Luckily for Gustav Bauernfeind (born in Sulz am Neckar, Germany 1848 – died in Jerusalem, 1904 and buried in the Templer cemetery on Emek Refaim Street; on his tombstone is the first verse of Isaiah 43 …I have redeemed thee, … thou art mine!) he lived before Said’s volley against Europeans who were sharing their impressions of the exotic Orient.
Bauernfeind was a German Orientalist painter, illustrator and architect. After completing his architectural studies at the Polytechnic Institute in Stuttgart, he studied painting. He first visited the Levant from 1880 to 1882, living and working in Palestine, Lebanon and Syria. He became interested in the Orient and returned repeatedly, moving to Palestine in 1896 with his wife and son and settling in Jerusalem in 1898. For a time, Bauernfeind lived upstairs in the house at 6 Cremieux Street named for the French statesman and founder of Alliance Française that was inhabited by August Bienzle, blacksmith, who did most of the ironwork of the German Colony.
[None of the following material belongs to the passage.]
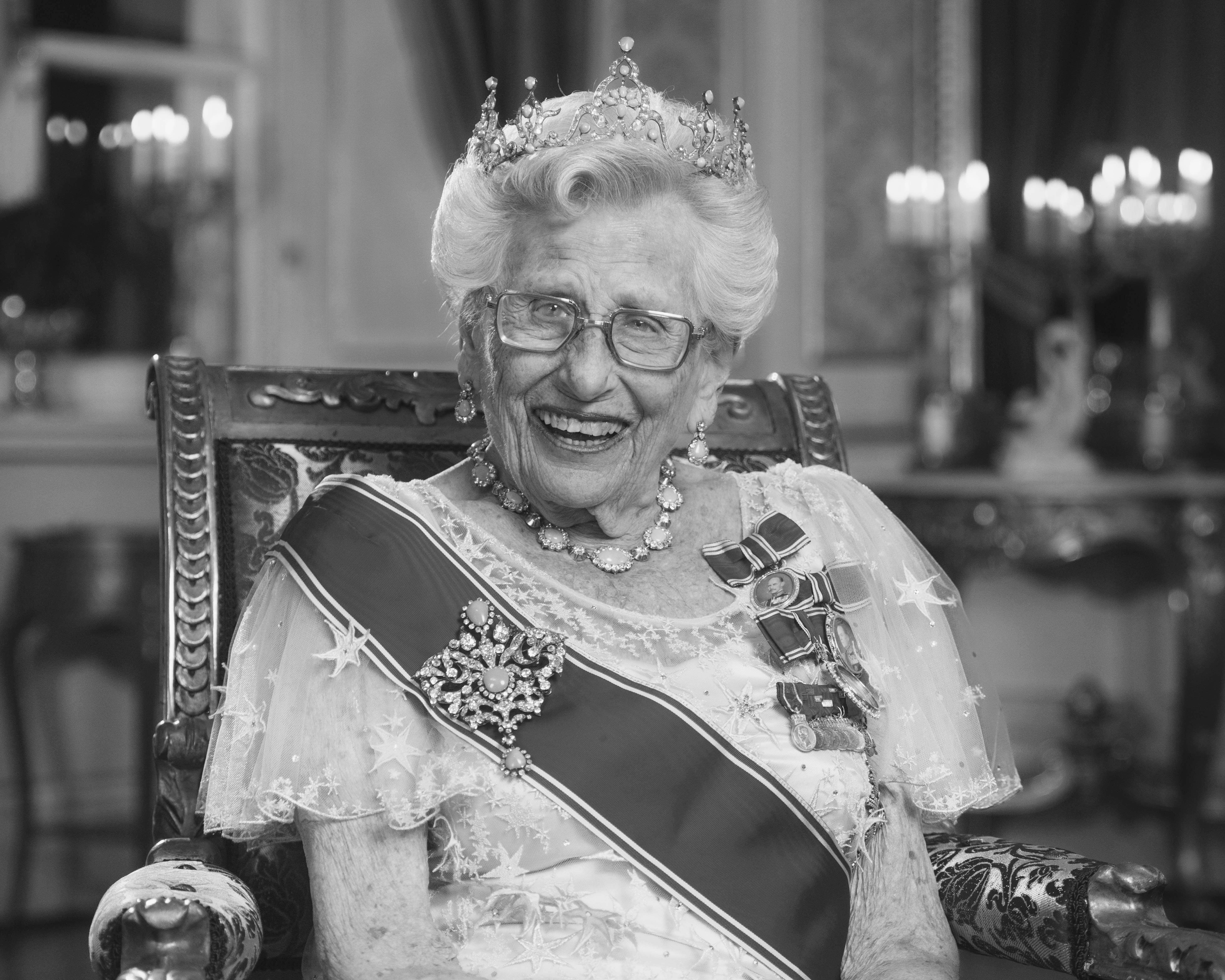 Portrett av Prinsesse Astrid i galla, med tiara, ordensbånd og portrettnåler.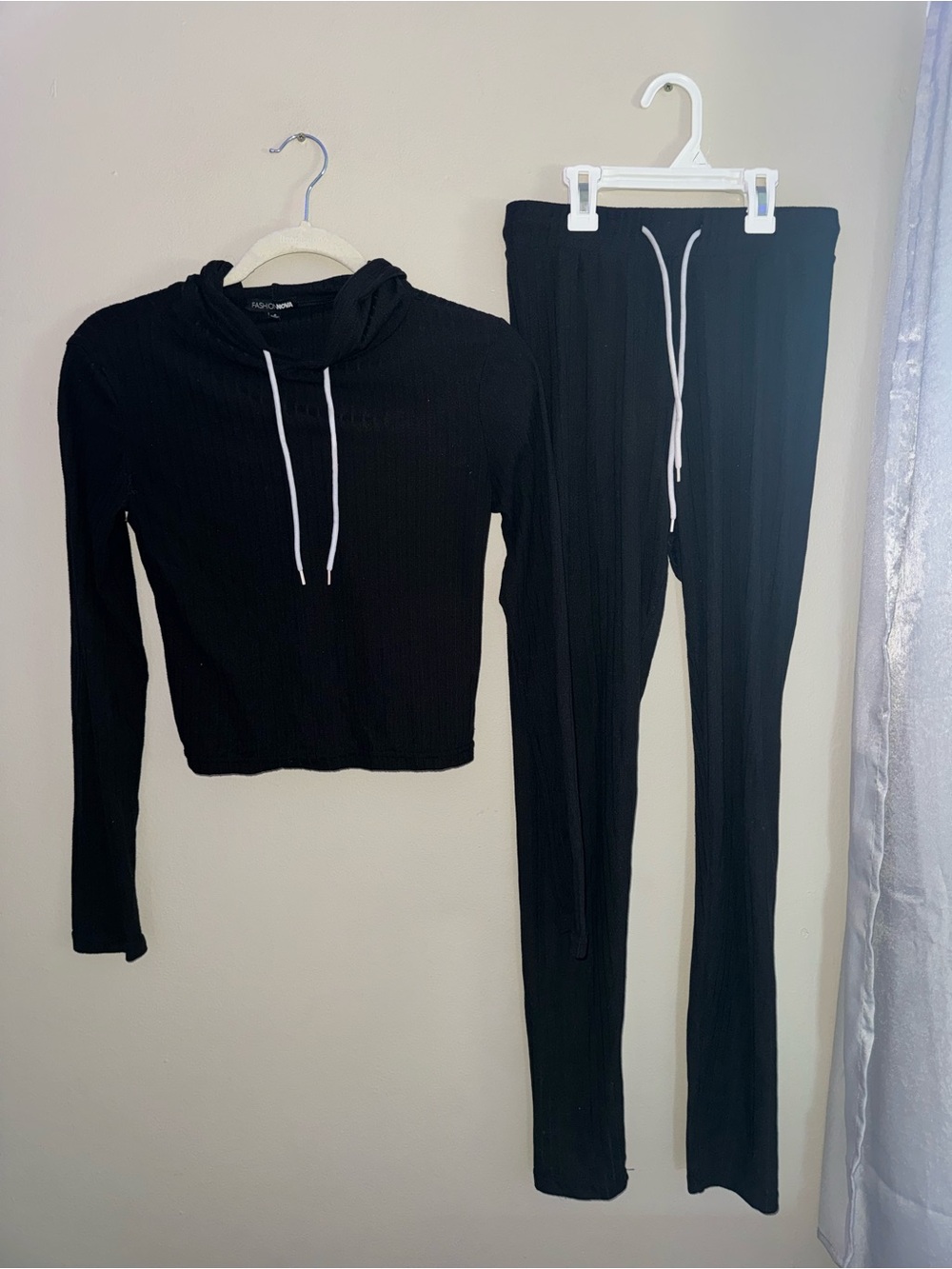 fashion nova , black ribbed matching leggings set, size small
An album of Bauernfeind’s watercolor paintings of the German Colony was presented to the German Kaiser Wilhelm II when he visited Jerusalem and the German Colony in 1898.
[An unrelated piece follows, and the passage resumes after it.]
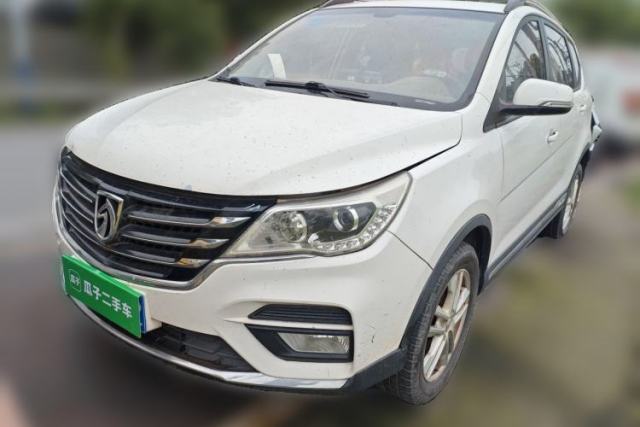 Used Baojun 560 2017 1.5T Manual Comfort Version 7 Seats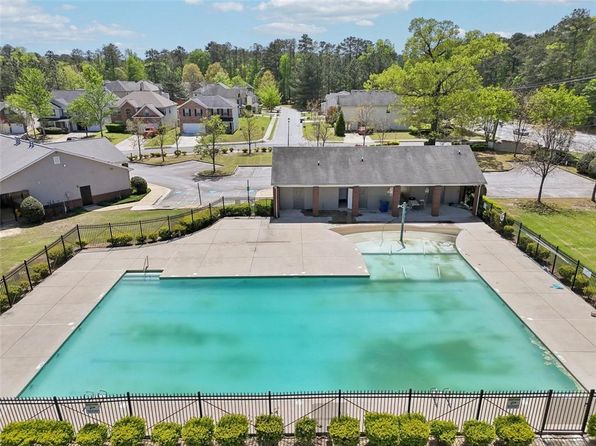 6904 Estepona St, Atlanta, GA 30349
Bauernfeind’s work is characterized primarily by architectural views of Jerusalem and the Holy Land. His oil paintings, of cityscapes and recognized holy sites, are meticulously crafted, intricately composed and almost photographically accurate, at a time when travel photography was already becoming popular. During his lifetime he was the most popular German Orientalist painter but fell into oblivion after his death. Since the early 1980s, Bauernfeind has been gradually rediscovered, with his paintings appearing at auctions and garnering high prices.
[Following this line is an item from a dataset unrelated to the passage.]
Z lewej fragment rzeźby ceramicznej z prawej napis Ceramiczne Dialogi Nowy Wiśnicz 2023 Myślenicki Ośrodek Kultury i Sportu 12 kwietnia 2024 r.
In 1992 his oil painting The Wailing Wall was sold at Christie’s in London for €326.000. When the painting was auctioned at Sotheby’s in London in 2007 it fetched €4.5 million. Note that there is no mehitza (separating the area into men and women sections), this happened only after 1967.
In 1997, another oil painting of Bauernfeind, The Port of Jaffa, was sold at the Van Ham Kunstauktionen in Cologne for 1.510.000 DM, thus becoming the most expensive 19th century painting ever sold in Germany.